The following is a segment of a speech, “The Uniqueness of Humans,” given by neuroendocrinologist Robert Sapolsky to Stanford University students on Class Day 2009. His portrayal of obedience to government authority shows the degree to which the most caring humans can be desensitized to conduct themselves in the most abhorrent ways:
Every day, outside of Las Vegas, there are people who get up in the morning, and they are rushing off to work, and their spouse reminds them to pick up the dry cleaning on the way home, and they say goodbye to their kids, and they rush out, and they get caught in traffic, and they’re all anxious they’re going to be late at work, and they luck out and get a good parking spot and get to work and sit down in a flight simulator and what they spend the day doing is operating a drone bomber in Iraq that drops bombs and kills people. This is at Nellis Air Force Base. People sitting there spending their work days operating drone bombers on the other side of the world, and at the end of the day, having finished your day doing that, you get up and rush off because you want to be there on time for your daughter’s ballet performance, and you hug her afterward, and you can’t believe it’s possible to love someone that much. And the next day you sit in this dark room and kill people on the other side of the planet. And there’s nothing out there in the animal world that has a precedent for that. Not surprisingly, apparently the rate of psychiatric problems among people who spend their days doing this is also unprecedented.8
Acquiescence to the commands of an authority that are only mildly objectionable is often — as in Milgram’s experiments — the beginning of a step-by-step, escalating process of entrapment.

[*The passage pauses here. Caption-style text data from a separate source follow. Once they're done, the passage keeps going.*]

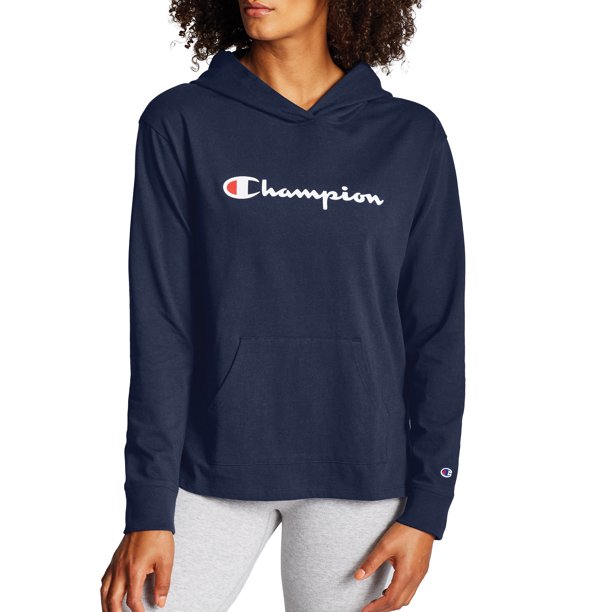 Champion - Champion Women’s Middleweight Hoodie - Walmart.com - Walmart.com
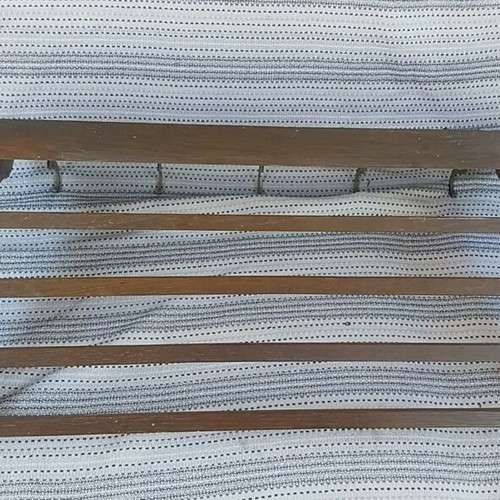 Wooden hat rack used, vintage decorative piece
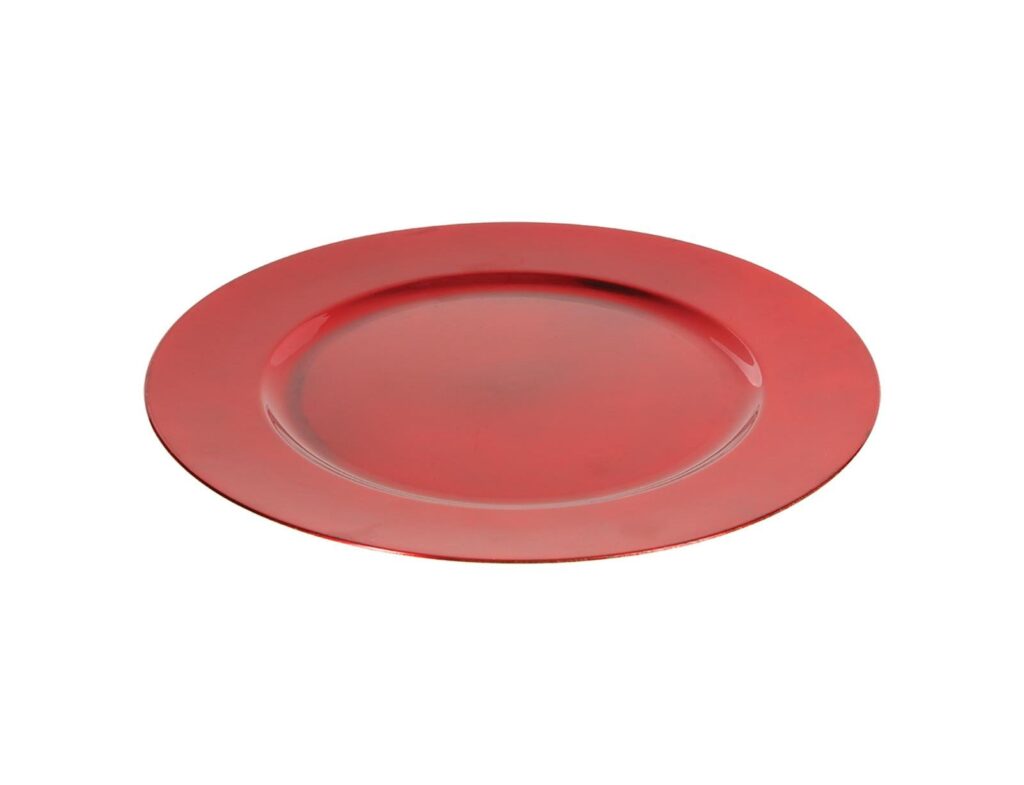 Πιάτα - Σετ Δείπνου/Καφέ Pres. Uni Round Plate Red 715850Rg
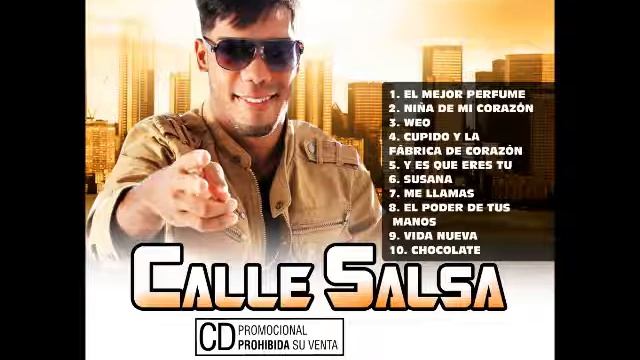 Calle Salsa Chocolate Official Audio смотреть онлайн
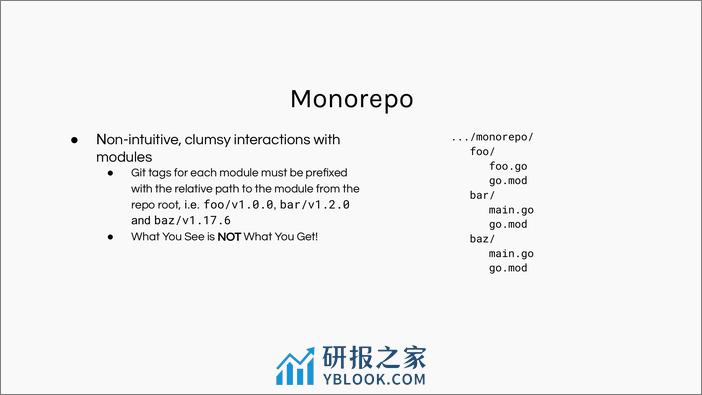 A Lee & D Bourque - Untangling the Monorepo - 第6页预览图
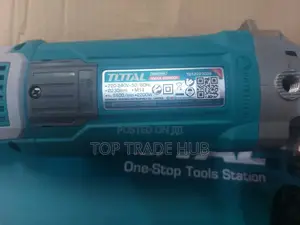 Total 9 Inch Angle Grinder 2200W
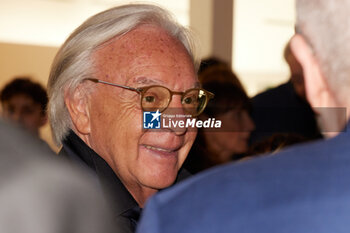 2024-06-16 - Diego Della Valle is seen at the Tod's presentation during the Milan Menswear Spring/Summer 2025 on June 16, 2024 in Milan, Italy. ©Photo: Cinzia Camela. - TOD'S PRESENTATION - MILAN FASHION WEEK - MENSWEAR SS 25 - CELEBRITIES - NEWS - FASHION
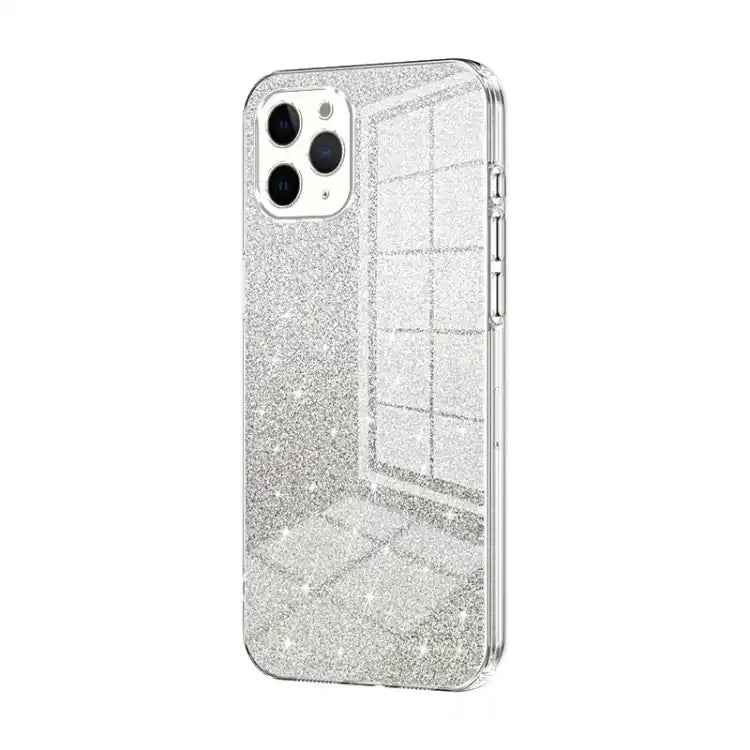 Gradient Glitter Powder Electroplated Phone Case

The farther people move along the continuum of increasingly destructive acts, the harder it is to extract themselves from the commanding authority’s grip, because to do so is to confront the fact that the earlier acts of compliance were wrong.9
By endorsing the enforcement of a law considered too repugnant to personally enforce against a neighbor, one authorizes others to obediently enforce that law as his or her proxy.
- 1Stanley Milgram, Obedience to Authority: An Experimental View (New York: Harper Perennial Modern Classics, 2009).
- 2Hannah Arendt, Eichmann in Jerusalem: Report on the Evil (New York: Viking Press, 1963), p. 14.
- 3According to Jos Brunner, the finding by the psychiatrist that Eichmann was normal may have been influenced by the prosecution’s attempt to preclude the defense from pleading insanity. See José Brunner, “Eichmann’s Mind: Psychological, Philosophical, and Legal Perspectives,” Theoretical Inquiries in Law 1, no. 2 (2000).
- 4Michael Shermer, The Science of Good and Evil: Why People Cheat, Gossip, Care, Share, and Follow the Golden Rule (New York: Times Books, 2004), p. 73.
- 5American Psychological Association, “Obeying and Resisting Malevolent Orders,” Research in Action, May 25, 2004.
- 6Stanley Milgram, “The Perils of Obedience,” Harper’s, December 1973.
- 7Jack W. Wade Jr., and Jack Shafer, “Confessions of an IRS Agent,” April 1983, http://www.abolishirs.org/3_3.html; Richard Yancey, Confessions of a Tax Collector: One Man’s Tour of Duty Inside the IRS (New York: Harper Perennial, 2004).
- 8Robert Sapolsky, “The Uniqueness of Humans” speech, Class Day Stanford University 2009, https://youtu.be/hrCVu25wQ5s.
- 9American Psychological Association, “Obeying and Resisting Malevolent Orders,” Research in Action, May 25, 2004.